● Task goal
Only one stretch of the listing below is wanted. Give it again exactly, from the line with "Realme 15 Pro-Hülle 3D Druckmodell" through the line with "Mike Patterson USC".
***** Information shown *****
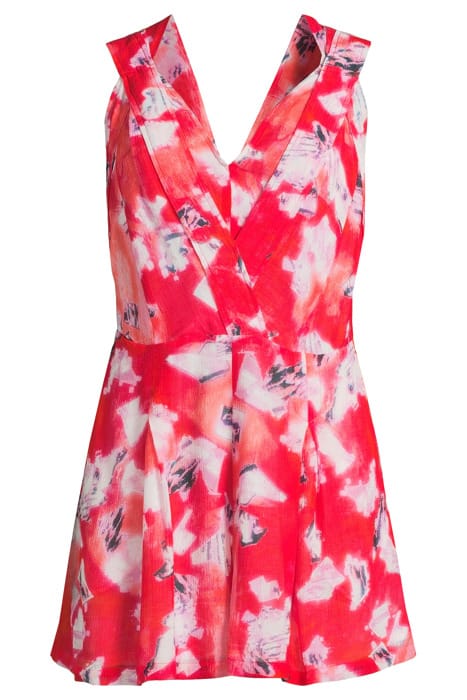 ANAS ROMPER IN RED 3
*****
***** Information shown *****
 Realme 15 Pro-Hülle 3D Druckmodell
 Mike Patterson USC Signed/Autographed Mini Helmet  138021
*****
● Solution to the problem
 Realme 15 Pro-Hülle 3D Druckmodell
 Mike Patterson USC Signed/Autographed Mini Helmet  138021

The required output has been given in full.